Three minutes later Miss Birdseye, looking up from her letter, saw them move together through the bristling garden and traverse a gap in the old fence which inclosed the further side of it. They passed into the ancient ship-yard which lay beyond, and which was now a mere vague, grass-grown approach to the waterside, bestrewn with a few remnants of supererogatory timber.

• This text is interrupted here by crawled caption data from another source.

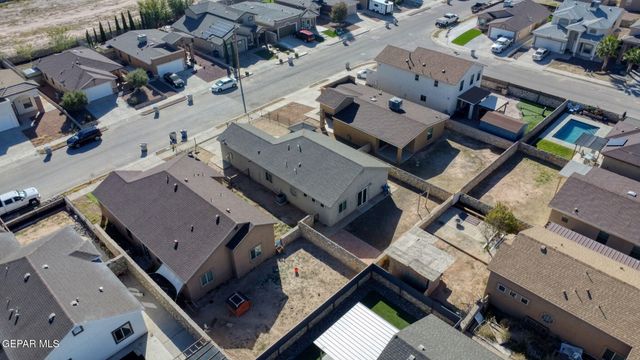 7213 COPPER TRAIL Avenue, El Paso, TX 79934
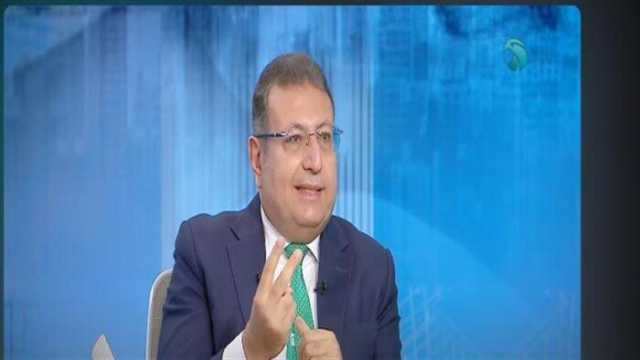وكيل إسكان النواب: إجمالي التمويل العقاري في مصر لا يتجاوز الـ3%
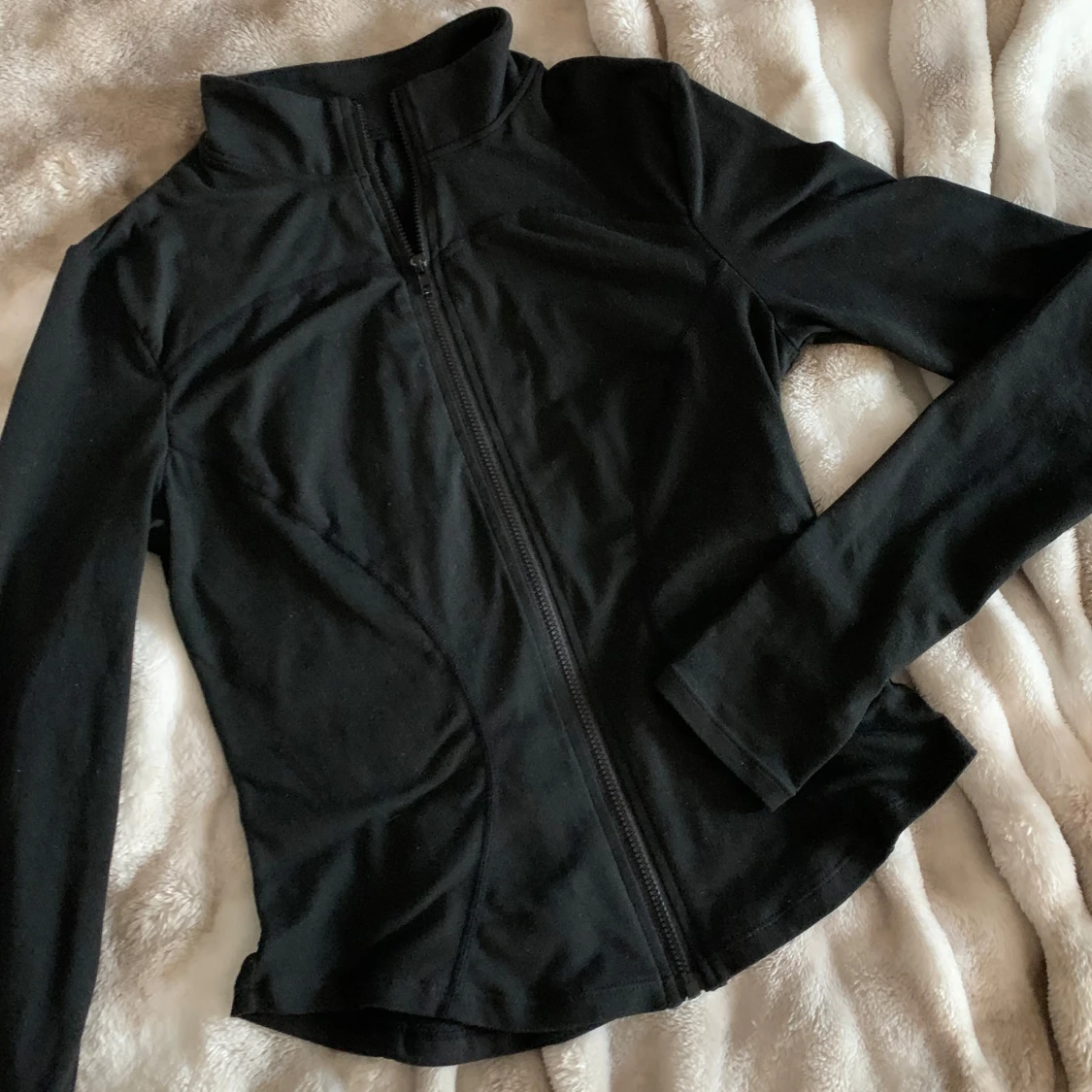 tränings jacka - 1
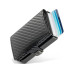 ZNAP Portemonnaie KLIK Magnet Slim Carbon ZNAP Portemonnaie KLIK Magnet Slim Carbon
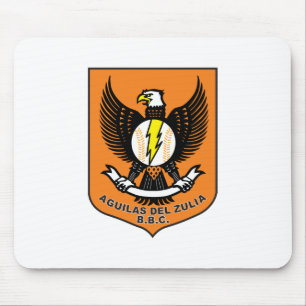 Aguilas Mousepad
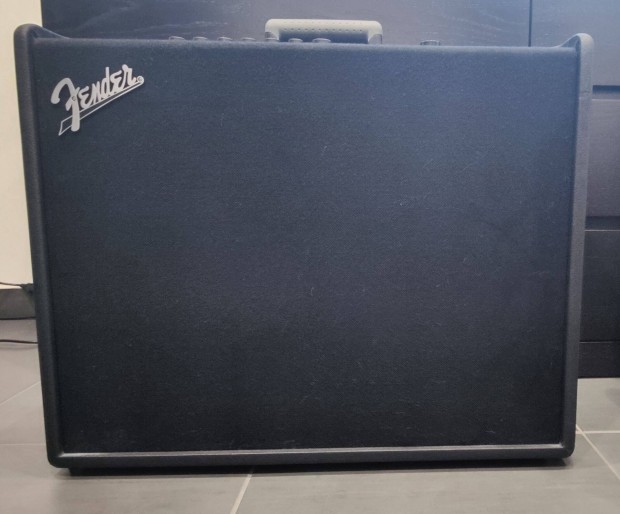 Fender GT200W Gitr Komb, erst , BT, 2x12" Hangszr, WIFI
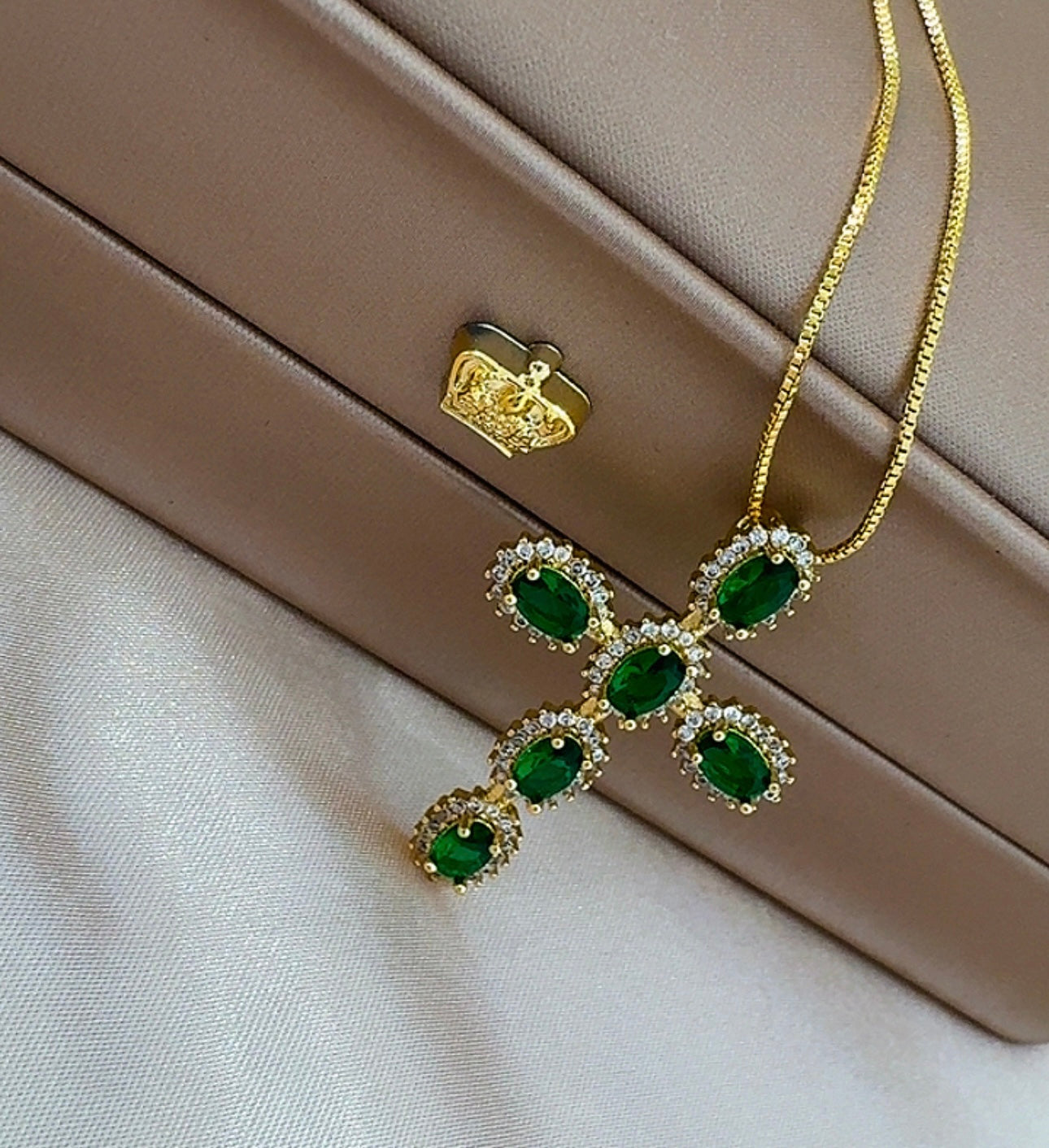 Valerie necklace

She saw them stroll forward to the edge of the bay and stand there, taking the soft breeze in their faces. She watched them a little, and it warmed her heart to see the stiff-necked young Southerner led captive by a daughter of New England trained in the right school, who would impose her opinions in their integrity. Considering how prejudiced he must have been he was certainly behaving very well; even at that distance Miss Birdseye dimly made out that there was something positively humble in the way he invited Verena Tarrant to seat herself on a low pile of weather-blackened planks, which constituted the principal furniture of the place, and something, perhaps, just a trifle too expressive of righteous triumph in the manner in which the girl put the suggestion by and stood where she liked, a little proudly, turning a good deal away from him. Miss Birdseye could see as much as this, but she couldn’t hear, so that she didn’t know what it was that made Verena turn suddenly back to him, at something he said. If she had known, perhaps his observation would have struck her as less singular—under the circumstances in which these two young persons met—than it may appear to the reader.